Suppose we cached the results of the computation. Then the second time the computation was requested, we'd just return the cached result. Now comes the higher-order trick. I want to represent this concept of "cache the results of a function" as a function that takes in a function, and returns me a function that has this nice property. I'll write it as an extension method on functions:
static Func<A, R> Memoize(this Func<A, R> f)
{
// Return a function which is f with caching.
var dictionary = new Dictionary<A, R>();
return (A a)=>
{
R r;
if(!dictionary.TryGetValue(a, out r))
{ // cache miss
r = f(a);
dictionary.Add(a, r);
}
return r;
};
}
Now we do some minor rewriting on Fib:
Func<long, long> Fib = null;
Fib = (long n) =>
{
if (n < 2) return 1;
return Fib(n-1) + Fib(n-2);
};
OK, we have our non-memoized function. Now, magic:
Fib = Fib.Memoize();
And boom, when we call Fib(5), now we do a dictionary lookup. 5 is not in the dictionary, so we call the original function. That calls Fib(4), which does another dictionary lookup and misses. That calls Fib(3), and so on.

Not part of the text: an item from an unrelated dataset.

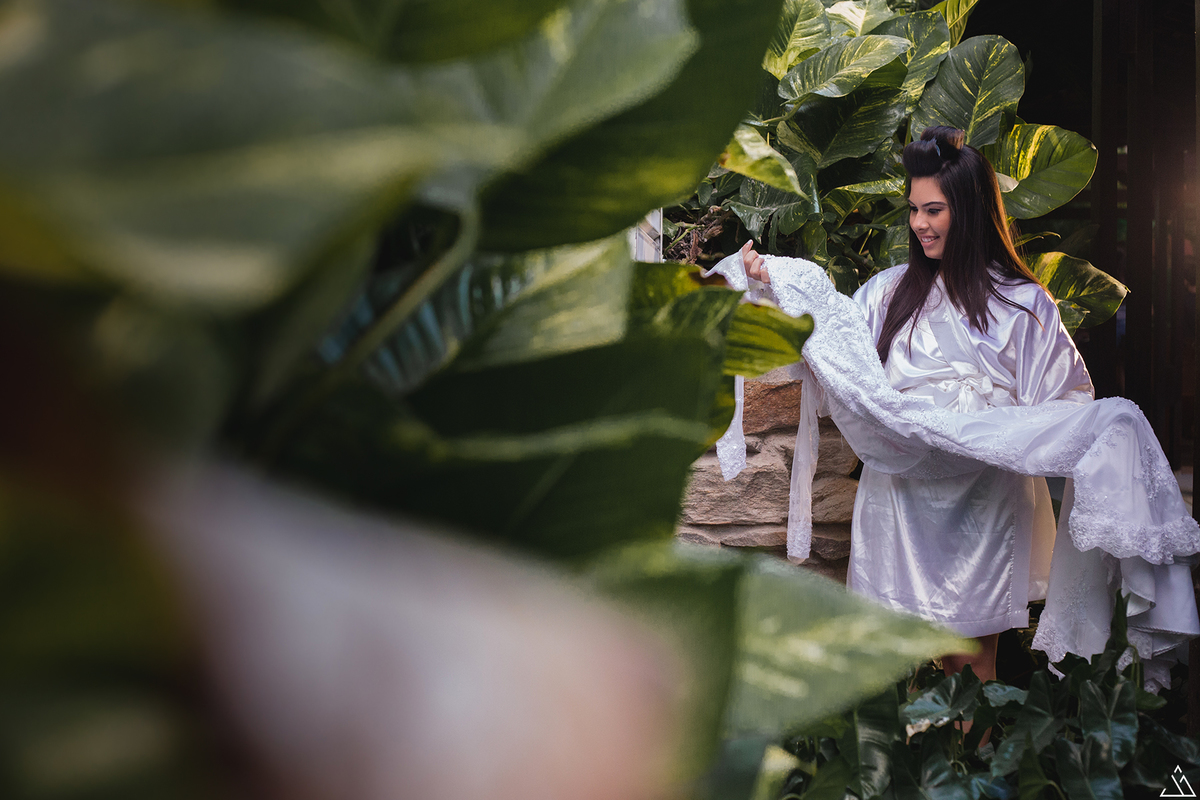 Jessica Mendes Fotografia. Casamento Jéssica e Marivaldo. Fotógrafo de casamento Caruaru.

When we get back to calling Fib(2) and Fib(3) the second time, the results are already in the dictionary, so we do not re-compute them.
Writing a two-argument version:
static Func<A1, A2, R> Memoize(this Func<A1, A2, R>) { ... }
is not too hard and is left as an exercise. If you do that, then you can just take your original beautiful recursive logic, do a simple rewriting into a lambda, and say:
progress = progress.Memoize();
and suddenly your performance will increase, with no loss of readability of the original algorithm.

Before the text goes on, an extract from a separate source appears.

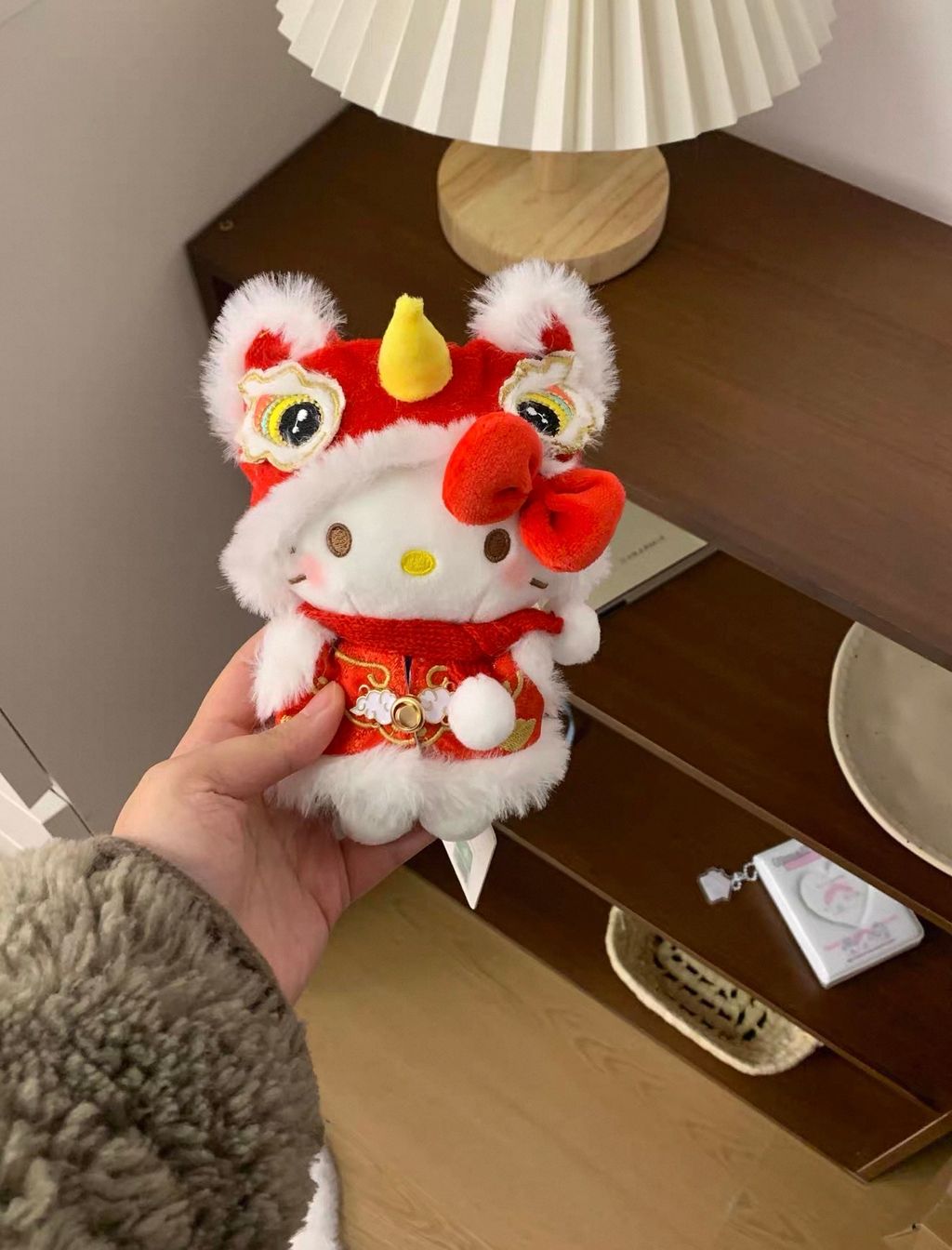 image_424A3629-4C49-476B-91C0-C141024434CD_1767496796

Quick No Programming Solution (based on combinatorics)
I take it "no backtracking" means we always either increase x or increase y.
If so, we know that in total we will have 40 steps to reach the finish -- 20 increases in x, 20 increases in y.

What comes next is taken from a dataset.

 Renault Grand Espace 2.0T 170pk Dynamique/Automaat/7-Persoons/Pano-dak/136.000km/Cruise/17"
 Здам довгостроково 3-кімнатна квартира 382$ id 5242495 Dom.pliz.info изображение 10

The only question is which of the 40 are the 20 increases in x. The problem amounts to: how many different ways can you choose 20 elements out of a set of 40 elements. (The elements are: step 1, step 2, etc. and we're choosing, say, the ones that are increases in x).
There's a formula for this: it's the binomial coefficient with 40 on top and 20 on the bottom. The formula is 40!/((20!)(40-20)!)
, in other words 40!/(20!)^2
. Here !
represents factorial. (e.g., 5! = 5*4*3*2*1
)
Canceling out one of the 20! and part of the 40!, this becomes: (40*39*38*37*36*35*34*33*32*31*30*29*28*27*26*25*24*23*22*21)/(20*19*18*17*16*15*14*13*12*11*10*9*8*7*6*5*4*3*2*1)
. The problem is thus reduced to simple arithmatic. The answer is 137,846,528,820
.
For comparison, note that (4*3)/(2*1)
gives the answer from their example, 6
.
This can be done much faster if you use dynamic programming (storing the results of subproblems rather than recomputing them). Dynamic programming can be applied to problems that exhibit optimal substructure - this means that an optimal solution can be constructed from optimal solutions to subproblems (credit Wikipedia).
I'd rather not give away the answer, but consider how the number of paths to the lower right corner may be related to the number of paths to adjacent squares.
Also - if you were going to work this out by hand, how would you do it?